3. Weighted logistic regression: https://www.statsmodels.org/dev/examples/notebooks/generated/glm_weights.html

4. Backward stepwise selection based on p-value: https://towardsdatascience.com/backward-elimination-for-feature-selection-in-machine-learning-c6a3a8f8cef4

In [575]:
import numpy as np
import pandas as pd
import matplotlib.pyplot as plt
import seaborn as sns
import datetime
from sklearn.linear_model import LinearRegression, LogisticRegression
from sklearn.model_selection import train_test_split, KFold, cross_val_score
import duckdb
from statsmodels.api import Logit
import statsmodels.api as sm
import statsmodels.formula.api as smf

In [576]:
main_df = pd.read_csv("dating_main.csv")

In [577]:
print(main_df.shape)
main_df.head()

(5585, 25)


Unnamed: 0.1,Unnamed: 0,id,gender,wave,num_dates,partner_id,age,field_cd,race,career_c,...,decision,rate_p_attr,rate_p_sinc,rate_p_intel,rate_p_fun,rate_p_amb,field,race_cd,career,gender_cd
0,30,4,Female,1,10,11,23,1,European/Caucasian-American,1,...,0,4,10,8,5,8,Law,2,Lawyer,0
1,31,4,Female,1,10,12,23,1,European/Caucasian-American,1,...,0,8,7,8,10,7,Law,2,Lawyer,0
2,32,4,Female,1,10,13,23,1,European/Caucasian-American,1,...,0,4,7,8,8,6,Law,2,Lawyer,0
3,33,4,Female,1,10,14,23,1,European/Caucasian-American,1,...,1,8,10,7,10,7,Law,2,Lawyer,0
4,34,4,Female,1,10,15,23,1,European/Caucasian-American,1,...,0,6,9,8,9,8,Law,2,Lawyer,0


## Main_df

1. Split dating_df into training and test sets
2. Check for assumptions for logit on the training set.
3. Fit a logistic regression for dating_df using statsmodel (with 1/num_dates as weights!!!).
4. Interpret coefficients & discuss statistical significance. Comment on gender difference
5. Perform model selection: pick M0, …, Mp based on training error rate
6. Then do cross-validation (because maybe it performs well on the training set but not the test set)

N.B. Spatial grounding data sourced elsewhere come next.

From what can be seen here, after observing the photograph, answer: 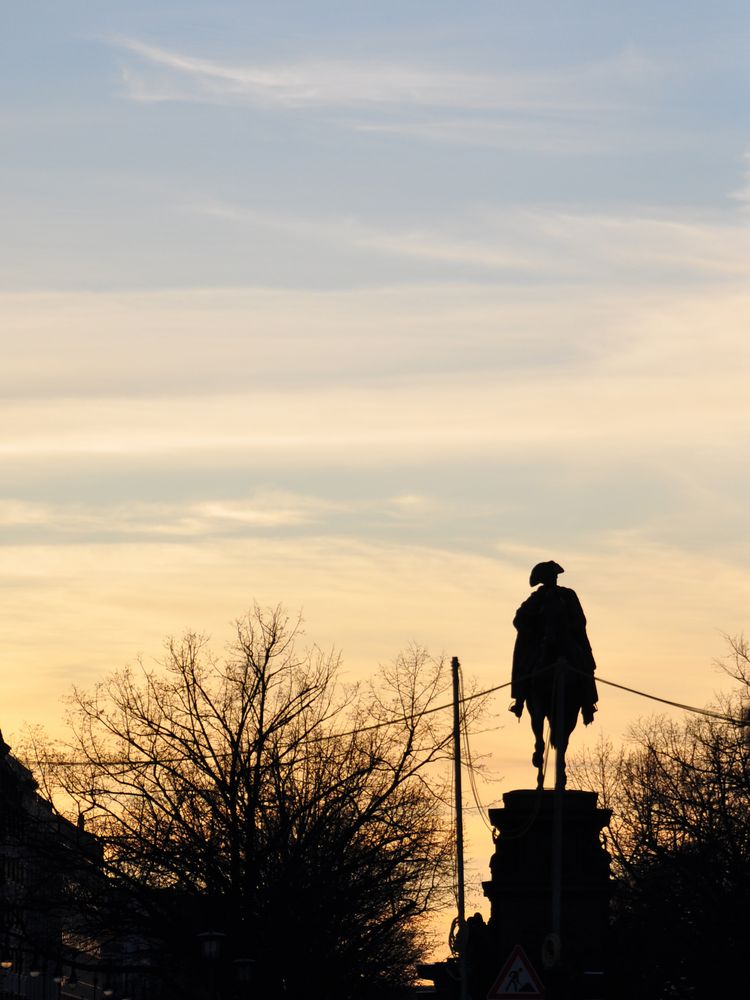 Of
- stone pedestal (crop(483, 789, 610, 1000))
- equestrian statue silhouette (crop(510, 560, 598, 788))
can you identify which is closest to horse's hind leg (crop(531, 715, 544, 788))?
equestrian statue silhouette (crop(510, 560, 598, 788))

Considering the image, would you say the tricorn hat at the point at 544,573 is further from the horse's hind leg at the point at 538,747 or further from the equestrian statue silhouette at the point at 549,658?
the horse's hind leg at the point at 538,747

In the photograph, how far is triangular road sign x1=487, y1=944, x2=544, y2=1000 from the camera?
21625 mm

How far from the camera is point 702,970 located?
58.4 m

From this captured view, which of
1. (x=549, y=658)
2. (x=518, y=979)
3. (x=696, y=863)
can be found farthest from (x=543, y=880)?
(x=696, y=863)

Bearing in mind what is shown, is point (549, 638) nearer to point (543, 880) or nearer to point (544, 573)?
point (544, 573)

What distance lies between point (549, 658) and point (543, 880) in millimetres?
3274

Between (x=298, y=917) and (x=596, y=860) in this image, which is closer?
(x=596, y=860)

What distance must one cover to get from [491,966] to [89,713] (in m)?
23.0

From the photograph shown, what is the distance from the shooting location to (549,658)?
100.0ft

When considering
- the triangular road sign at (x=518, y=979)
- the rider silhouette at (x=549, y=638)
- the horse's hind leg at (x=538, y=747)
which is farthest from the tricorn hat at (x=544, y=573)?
the triangular road sign at (x=518, y=979)

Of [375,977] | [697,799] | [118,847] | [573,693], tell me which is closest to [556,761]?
[573,693]

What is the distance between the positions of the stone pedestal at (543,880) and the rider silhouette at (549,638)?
1.80 m

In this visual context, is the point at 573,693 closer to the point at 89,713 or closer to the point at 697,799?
the point at 89,713

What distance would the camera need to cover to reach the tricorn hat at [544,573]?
30.7 m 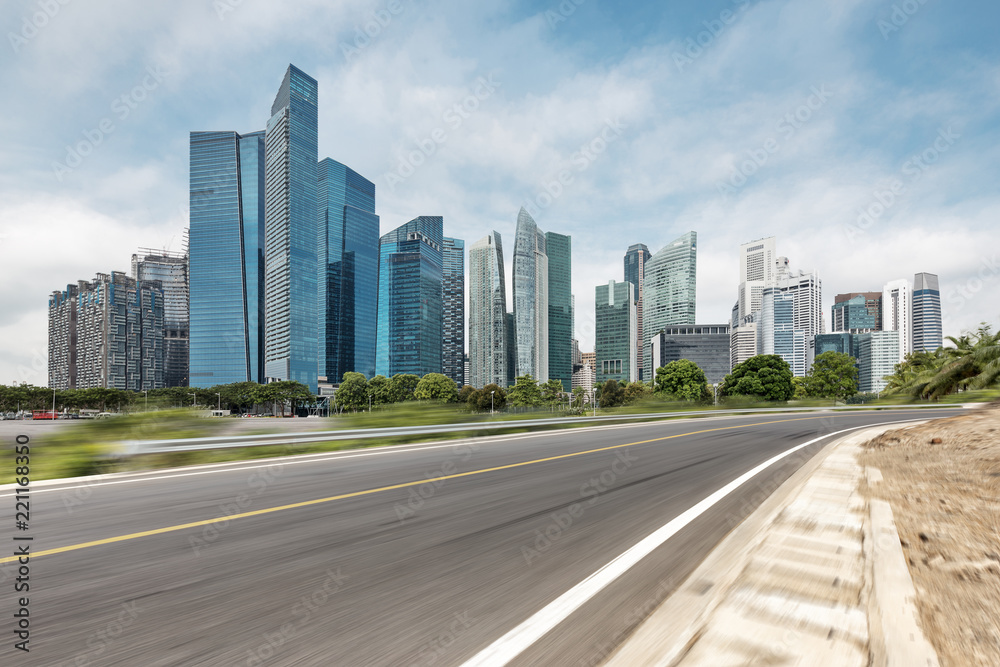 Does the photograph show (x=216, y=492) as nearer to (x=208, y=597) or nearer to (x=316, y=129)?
(x=208, y=597)

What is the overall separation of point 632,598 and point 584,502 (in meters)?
2.81

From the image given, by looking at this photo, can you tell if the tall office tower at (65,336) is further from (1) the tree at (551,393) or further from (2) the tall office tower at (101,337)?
(1) the tree at (551,393)

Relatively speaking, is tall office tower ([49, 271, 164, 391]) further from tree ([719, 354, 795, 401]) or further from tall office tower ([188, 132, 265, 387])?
tree ([719, 354, 795, 401])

### 1. Create interaction terms

In [578]:
# gender_cd 1 = Male; 0 = Female
main_df['gender_p_attr'] = main_df["gender_cd"] * main_df["rate_p_attr"] # gender_cd*rate_p_attr
main_df['gender_p_sinc'] = main_df["gender_cd"] * main_df["rate_p_sinc"] # gender_cd*rate_p_sinc
main_df['gender_p_intel'] = main_df["gender_cd"] * main_df["rate_p_intel"] # gender_cd*rate_p_intel
main_df['gender_p_fun'] = main_df["gender_cd"] * main_df["rate_p_fun"] # gender_cd*rate_p_fun
main_df['gender_p_amb'] = main_df["gender_cd"] * main_df["rate_p_amb"] # gender_cd*rate_p_amb

main_X_vars = ['rate_p_attr', 'rate_p_intel', 'rate_p_fun', 'rate_p_amb', 'rate_p_sinc', 
              'gender_p_attr', 'gender_p_intel', 'gender_p_fun', 'gender_p_amb', 'gender_p_sinc']

### 2. Split main_df into training/validation/test sets

In [579]:
# 70% to training set; 15% to validation; 15% to test
SEED = 7777
main_train, main_val_and_test = train_test_split(main_df, test_size=.3, random_state = SEED)
main_val, main_test = train_test_split(main_val_and_test, test_size=.5, random_state = SEED)
# main_test = main_test.drop_duplicates(subset=['id'])
# main_val = main_val.drop_duplicates(subset=['id'])

# train: recalculate weight
# test & val: drop duplicates

# Reference: see source 1 in References

In [580]:
print(main_train.shape)
print(main_val.shape)
print(main_test.shape)

(3909, 30)
(838, 30)
(838, 30)


From now on, focus on the training set.

### 3. Check assumptions for multivariate logistic regression on the training set

Reference: see source 2 in References

#### (a) Independent observations

"Logistic regression assumes that the observations in the dataset are independent of each other. That is, the observations should not come from repeated measurements of the same individual or be related to each other in any way."

One common way to check this assumption is to make a plot of residual vs the order of observations and investigate any non-random patterns. At this step we have not fitted the model, so we cannot make the plot yet.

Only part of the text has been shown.